[Scraped caption text data]
______________________________

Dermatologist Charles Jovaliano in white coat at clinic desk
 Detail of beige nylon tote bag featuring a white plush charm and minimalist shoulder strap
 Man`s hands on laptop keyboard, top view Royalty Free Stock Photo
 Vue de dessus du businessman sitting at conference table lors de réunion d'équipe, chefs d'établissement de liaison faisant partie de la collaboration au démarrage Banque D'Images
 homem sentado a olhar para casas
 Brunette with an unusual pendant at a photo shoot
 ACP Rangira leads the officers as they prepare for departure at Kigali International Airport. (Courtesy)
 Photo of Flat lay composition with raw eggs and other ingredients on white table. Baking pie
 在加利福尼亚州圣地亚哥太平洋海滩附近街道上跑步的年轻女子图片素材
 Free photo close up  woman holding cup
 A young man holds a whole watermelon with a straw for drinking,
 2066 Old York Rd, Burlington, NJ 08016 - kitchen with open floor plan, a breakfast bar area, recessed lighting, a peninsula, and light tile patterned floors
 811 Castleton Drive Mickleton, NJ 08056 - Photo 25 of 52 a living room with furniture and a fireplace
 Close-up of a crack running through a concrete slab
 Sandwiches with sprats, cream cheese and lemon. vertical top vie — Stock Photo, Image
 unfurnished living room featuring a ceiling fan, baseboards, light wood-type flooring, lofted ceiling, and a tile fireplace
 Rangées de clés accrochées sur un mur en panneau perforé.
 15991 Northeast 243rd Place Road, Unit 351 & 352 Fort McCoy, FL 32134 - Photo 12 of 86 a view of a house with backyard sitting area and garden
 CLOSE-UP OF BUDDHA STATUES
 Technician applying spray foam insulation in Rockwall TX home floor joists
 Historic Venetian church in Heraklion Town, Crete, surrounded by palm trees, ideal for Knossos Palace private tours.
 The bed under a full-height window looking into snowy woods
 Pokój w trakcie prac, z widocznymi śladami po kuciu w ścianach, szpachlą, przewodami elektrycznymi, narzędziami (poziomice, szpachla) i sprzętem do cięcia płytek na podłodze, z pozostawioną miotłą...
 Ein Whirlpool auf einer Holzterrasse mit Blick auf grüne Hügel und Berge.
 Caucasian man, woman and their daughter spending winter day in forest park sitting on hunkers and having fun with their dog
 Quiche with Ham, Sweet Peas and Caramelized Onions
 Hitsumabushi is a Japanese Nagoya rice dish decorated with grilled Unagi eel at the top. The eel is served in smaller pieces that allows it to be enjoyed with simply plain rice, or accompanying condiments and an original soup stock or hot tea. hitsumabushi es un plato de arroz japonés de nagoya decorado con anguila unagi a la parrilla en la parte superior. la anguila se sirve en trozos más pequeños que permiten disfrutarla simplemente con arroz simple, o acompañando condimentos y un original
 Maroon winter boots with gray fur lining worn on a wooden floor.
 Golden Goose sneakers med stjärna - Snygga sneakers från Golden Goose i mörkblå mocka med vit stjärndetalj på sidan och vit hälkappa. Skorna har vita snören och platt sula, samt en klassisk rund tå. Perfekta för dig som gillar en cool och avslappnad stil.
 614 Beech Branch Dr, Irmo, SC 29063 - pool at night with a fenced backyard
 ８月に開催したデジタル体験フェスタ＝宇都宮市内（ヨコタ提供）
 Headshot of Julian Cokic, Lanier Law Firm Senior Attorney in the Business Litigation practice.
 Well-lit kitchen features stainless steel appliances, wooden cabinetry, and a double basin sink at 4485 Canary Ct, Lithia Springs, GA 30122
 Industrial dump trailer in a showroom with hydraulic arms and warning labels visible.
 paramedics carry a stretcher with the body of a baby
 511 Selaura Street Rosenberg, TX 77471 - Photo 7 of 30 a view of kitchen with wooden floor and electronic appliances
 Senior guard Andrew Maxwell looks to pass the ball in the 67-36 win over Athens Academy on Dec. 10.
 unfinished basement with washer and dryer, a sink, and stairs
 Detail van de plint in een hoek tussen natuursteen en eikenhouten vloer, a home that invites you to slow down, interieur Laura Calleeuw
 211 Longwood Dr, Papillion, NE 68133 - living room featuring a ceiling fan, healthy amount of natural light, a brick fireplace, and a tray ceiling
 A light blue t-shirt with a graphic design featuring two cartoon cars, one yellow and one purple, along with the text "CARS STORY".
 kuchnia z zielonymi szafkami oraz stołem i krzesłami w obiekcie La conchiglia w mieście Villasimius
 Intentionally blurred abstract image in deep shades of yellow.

______________________________

## WHAT NEEDS TO BE DONE
In the data above, find the line that contains "2066 Old York", then reproduce exactly every line from the first line through that line.

## EXERCISE RESPONSE
Dermatologist Charles Jovaliano in white coat at clinic desk
 Detail of beige nylon tote bag featuring a white plush charm and minimalist shoulder strap
 Man`s hands on laptop keyboard, top view Royalty Free Stock Photo
 Vue de dessus du businessman sitting at conference table lors de réunion d'équipe, chefs d'établissement de liaison faisant partie de la collaboration au démarrage Banque D'Images
 homem sentado a olhar para casas
 Brunette with an unusual pendant at a photo shoot
 ACP Rangira leads the officers as they prepare for departure at Kigali International Airport. (Courtesy)
 Photo of Flat lay composition with raw eggs and other ingredients on white table. Baking pie
 在加利福尼亚州圣地亚哥太平洋海滩附近街道上跑步的年轻女子图片素材
 Free photo close up  woman holding cup
 A young man holds a whole watermelon with a straw for drinking,
 2066 Old York Rd, Burlington, NJ 08016 - kitchen with open floor plan, a breakfast bar area, recessed lighting, a peninsula, and light tile patterned floors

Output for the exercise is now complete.